From bbe284e280869c822f8aac487cafe40c4a575752 Mon Sep 17 00:00:00 2001
From: lance <lance@lzatech.org>
Date: Sun, 10 Mar 2019 21:40:14 -0700
Subject: [PATCH 2/3] removing todo item from readme

---
 README.md | 4 ----
 1 file changed, 4 deletions(-)

diff --git a/README.md b/README.md
index 4839c55..70b0295 100644
--- a/README.md
+++ b/README.md
@@ -113,7 +113,3 @@ $ zappa invoke secretshare.cleanup.purge_expired_secrets
 Most people don't necessarily care about the backend API - this is only one half of the battle as we need something to present the information.
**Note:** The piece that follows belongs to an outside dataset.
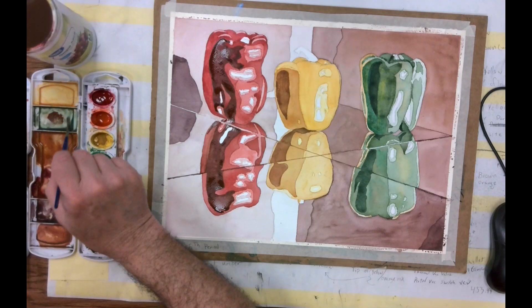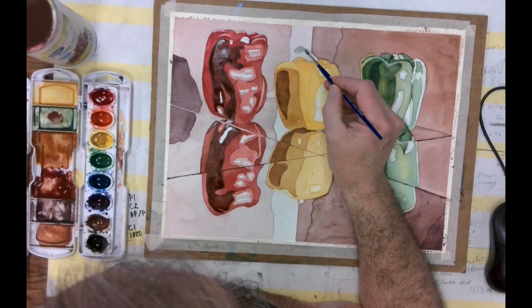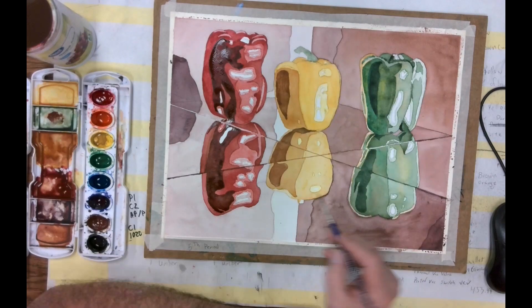I have some stems and I'm just going to put in some light green in layers — a light green layer first. We're going to put these in on top of each other: light green first, then layer a medium green on it, then a dark green last. Over here we can put in some green.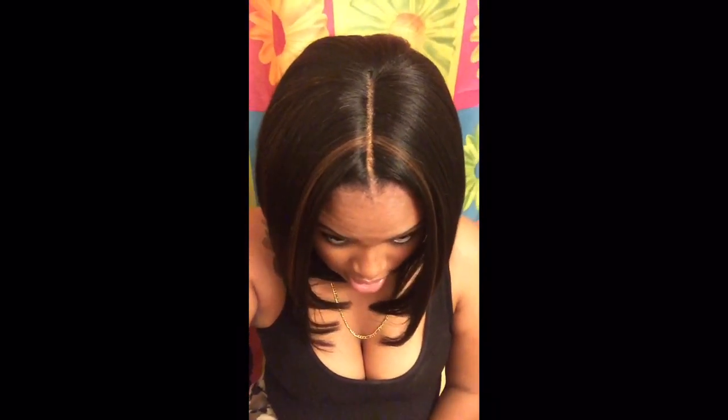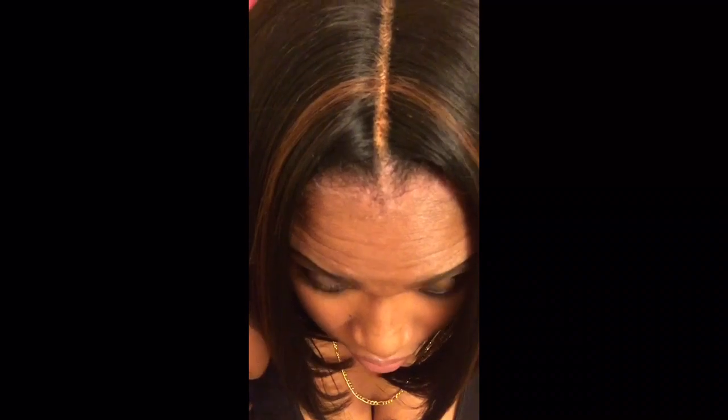So yeah, I like this wig — tell me what you guys think. I will leave the link below. Let me get a close-up so you can see the parting — the parting is A1. I can see myself buying another one of these, I really can. Rate, comment, and subscribe.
This API can be used in conjunction with any static website with simple Javascript for posting, retrieving, and rendering the data.
 
 Here's an example one: [secretshare-static](https://github.com/lalanza808/secretshare-static)
-
-## To-do
-
-* Add expiration after first read payload option

From d14c024d9c1999f1489d5b84fb60d6e10be13dd2 Mon Sep 17 00:00:00 2001
From: lance <lance@lzatech.org>
Date: Sun, 10 Mar 2019 21:52:00 -0700
Subject: [PATCH 3/3] minor edits

---
 secretshare/app.py                    | 3 ---
 secretshare/library/secretsmanager.py | 2 +-
 2 files changed, 1 insertion(+), 4 deletions(-)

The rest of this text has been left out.